IndependensI.com – Hampir setiap minggu ada yang terkena OTT KPK dan selalu menarik perhatian masyarakat walaupun sudah mungkin bosan menontonnya di televisi. Tetapi masih lebih baik ditonton dibanding politisi dan elit partai yang gitu-gitu aja dari dulu, kadang egois dan narsis serta bawa perasaan (baper) atau curhat.
OTT minggu lalu menarik, KPK menciduk Kalapas Sukamiskin, tempat petinggi bangsa di-“masyarakatkan”, mulai dari koruptor puluhan juta rupiah sampai triliunan kerugian negara. Pertanyaannya, mengapa baru sekarang Lapas Sukamiskin disasar, dari dulu aroma “pembiaran” itu berlangsung.

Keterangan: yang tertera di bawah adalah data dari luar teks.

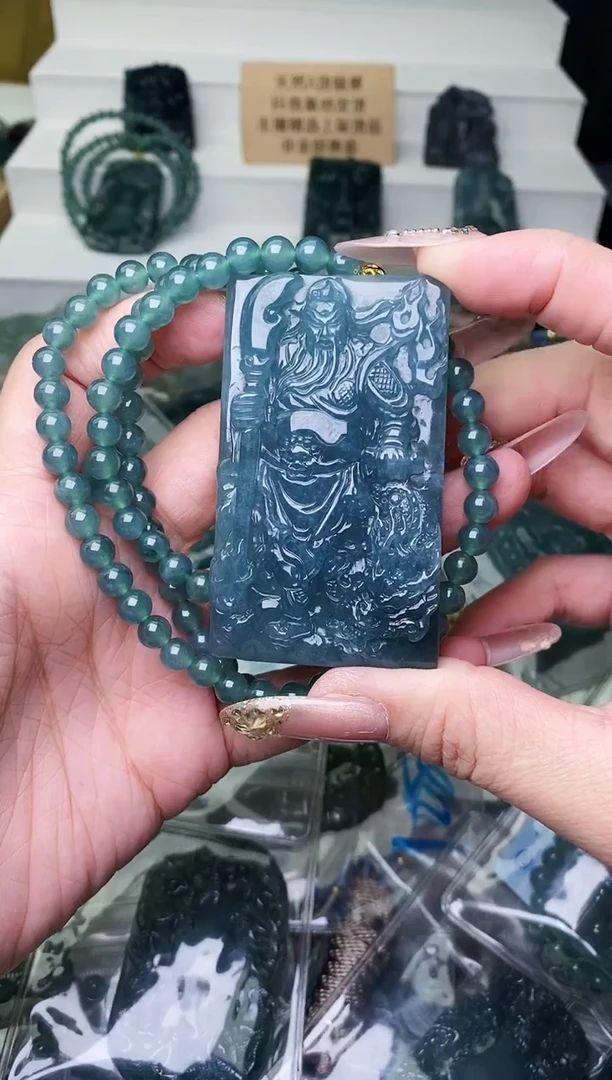 颈饰18K金镶嵌翡翠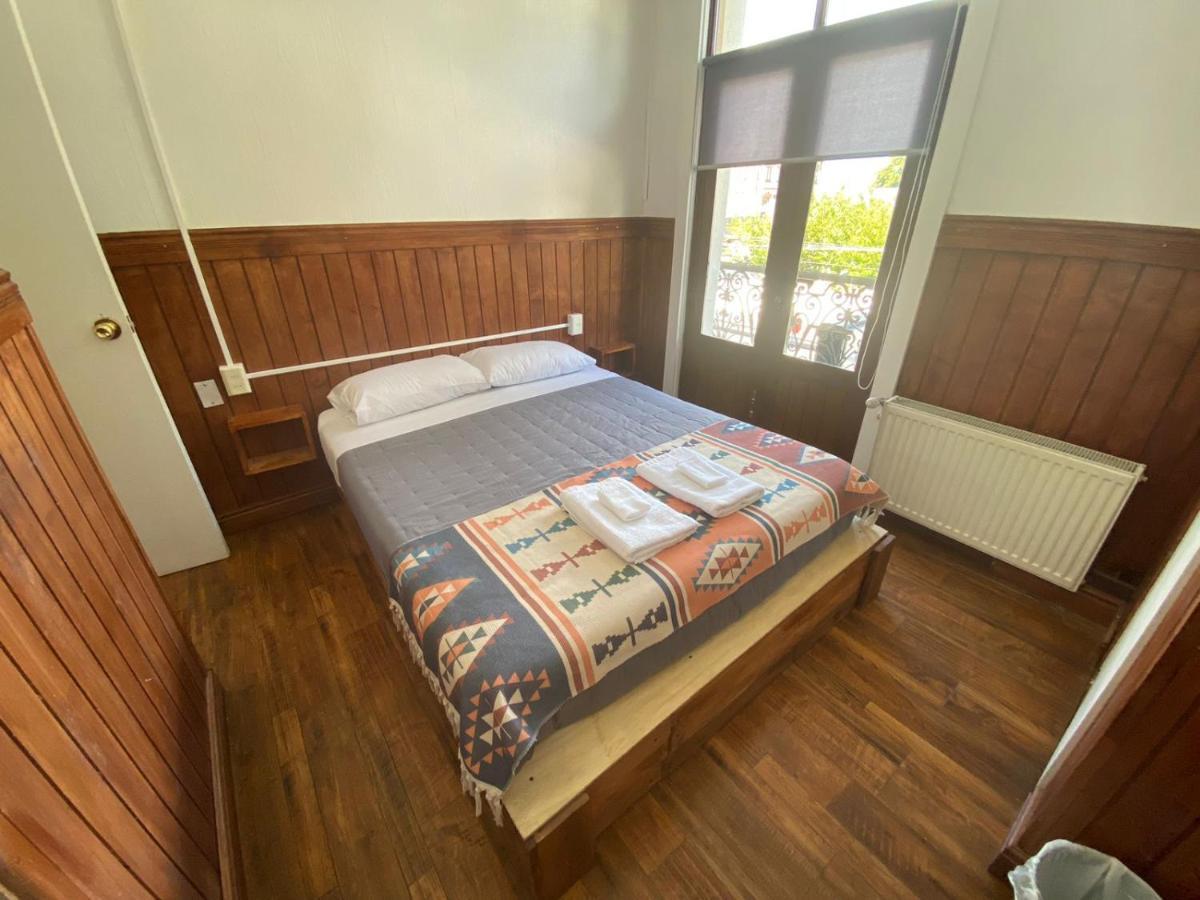 Hostal Ochen Punta Arenas Esterno foto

Aneh dan lucunya adalah dugaan adanya sel palsu yang ditempati Setya Novanto dan Nazaruddin, disebut palsu karena sederhana atau standard tidak seperti sel Lutfi Hasan Ishaq dan Prof. Dr. OC Kaligis berperalatan lain dari biasa. Kecurigaan karena ada parfum wanita, dengan kata lain bahwa kamar Setnov itu adalah kamar wanita, paling tidak ada wanita bermukim.
Ada dugaan rencana razia Dirjen bocor, jadi sempat Setnov dan Nazaruddin dipindah, sebenarnya menurut orang awam, gampang saja pasti ada daftar nama penghuni siapa menghuni sel nomor berapa. Apa dibalik semua itu ada berpura-pura atau LP Sukamiskin seperti angkot tidak punya daftar penumpang?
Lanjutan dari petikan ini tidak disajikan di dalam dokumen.